Follow TV Tropes

Following

YMMV / Harvest Moon: A Wonderful Life

Go To

  • Accidental Innuendo:
    • Muffy's line "I always get romantic ideas on hot summer nights." is likely supposed to be chaste.
    • One of Rock's infamous summer lines is, in the Japanese version of AWL, a slightly crude remark roughly going "in this summer heat, finding some girls in swimsuits on the beach and trying to pick 'em up sounds— uh, that is, going surfing sounds tempting." Natsume took this line (which was already apparently bad enough to warrant toning down in the Japanese remake) and injected some additional implications in the English version through Dub Text.
      Rock: When it's this hot lots of girls like to go to the beach in their very sexy swimsuits? Suddenly I feel like surfing.
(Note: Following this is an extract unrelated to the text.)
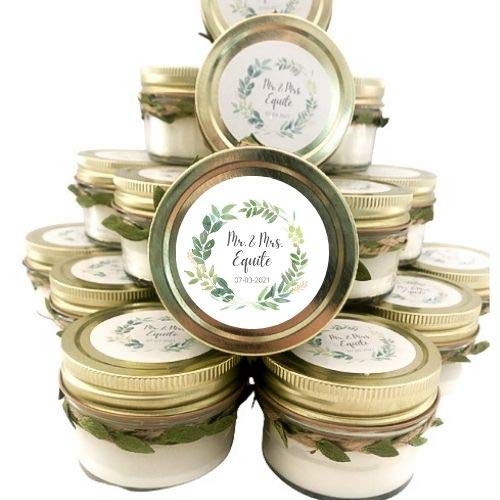Personalized Wedding Favor Candles - Custom Scented Soy Candles for Guests - Pack of 50 - Perfect for Bridal Showers, Receptions & Thank You Gifts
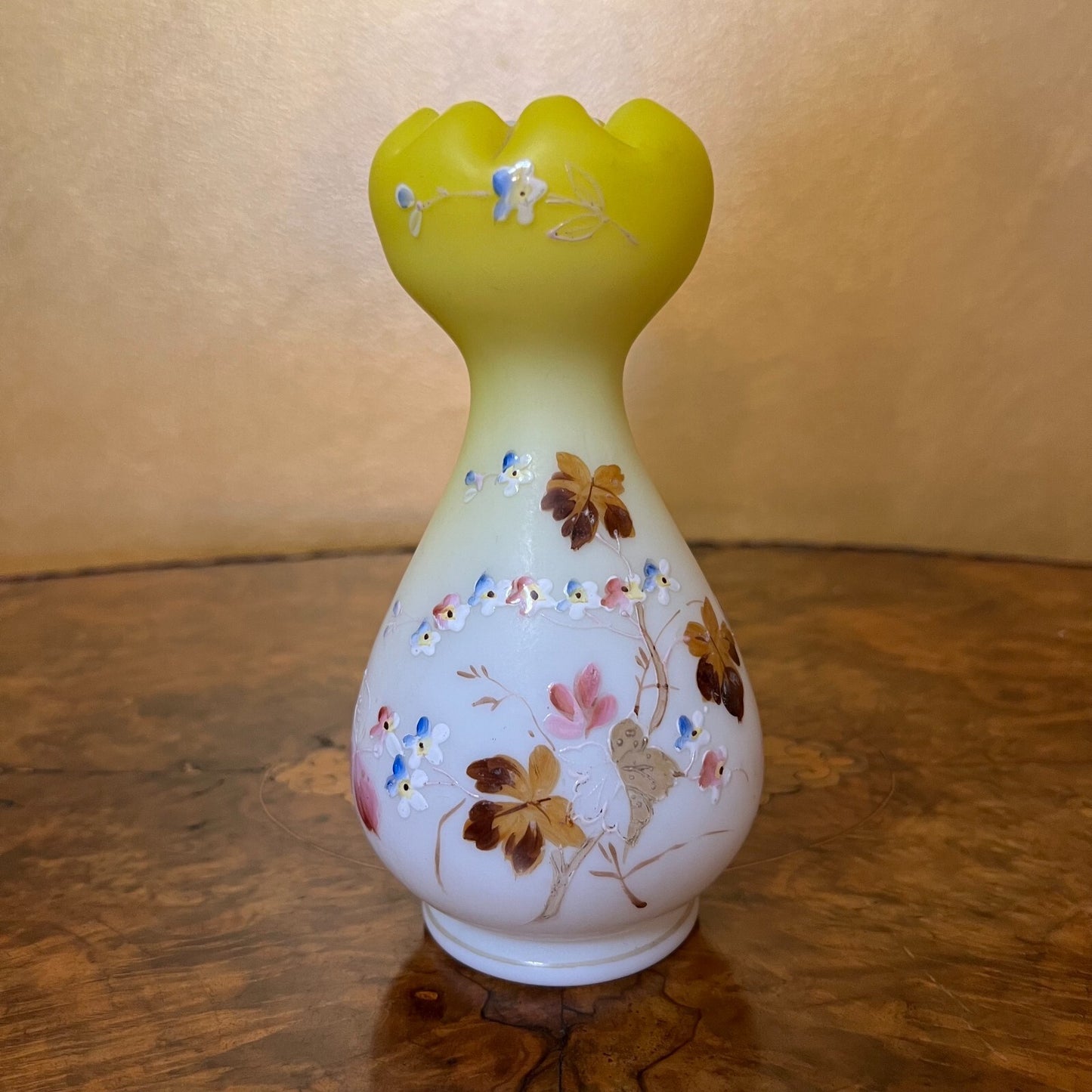 Vintage Glass Hand Painted Vase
  • Alternative Character Interpretation:
    • Many fans view Muffy as promiscuous, while othersnote  refer to her simply being unlucky in love and thus dating multiple men in a relatively short period. As fans got older, many of them ended up switching their opinion of her and see her in a more sympathetic light, even if they didn't marry her.
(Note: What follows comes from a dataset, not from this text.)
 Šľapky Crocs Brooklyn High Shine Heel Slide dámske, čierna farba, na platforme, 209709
    • Players who pursued Celia as Mark think differently of Marlin than those who pursued him as Pony.
  • Awesome Music: Most of the soundtrack, as is standard for the series. The game lacks seasonal tracks, or really music at all besides on your farm and during scenes, but makes up for it with records (especially Quiet Winter).
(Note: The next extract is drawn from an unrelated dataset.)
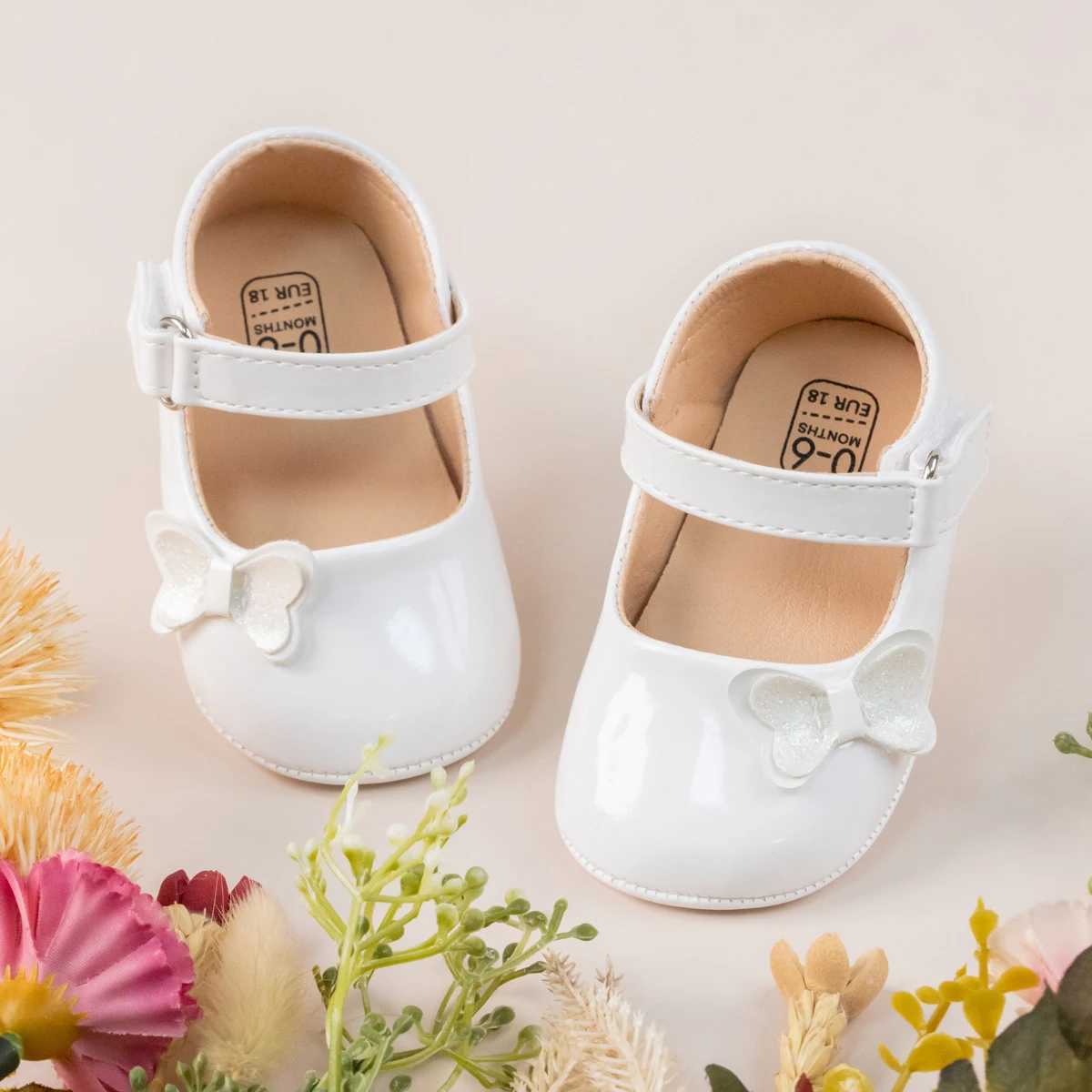 KIDSUN baby shoes newborn princess PU childrens shoes butterfly knot decoration rubber sole anti slip first walking shoes 0-18M M240827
  • Base-Breaking Character:
    • Is Rock a lazy moron or does he have Hidden Depths? Him being Lumina's love interest, and the way he treats her in their Heart Events, only adds the debate.
    • The designs of Forget-Me-Not Valley bachelors in general are very polarizing. Some find them to be ugly compared to the ones in other games—it doesn't help the English manual for ANWL says that if you don't like them to "lower your standards"—while others appreciate there's more diversity and not just a bunch of pretty boys like the other games.
  • Big-Lipped Alligator Moment: A really really weird moment. One night Van might visit Romana's house and an event comes up where he tries to purchase a painting on her wall; she refuses and it is revealed that Lumina painted it. Lumina then asks her butler Sebastian in privacy to do her a favor. Suddenly it cuts to Sebastian out in the forest charging up and attacking the local yeti Mukumuku, apparently trying to steal the little lock of hair it has on its head to be made into a paintbrush. The situation is never delved further and you are left alone in the forest afterwards. Maybe it was a bad trip from eating the mushrooms by the tree.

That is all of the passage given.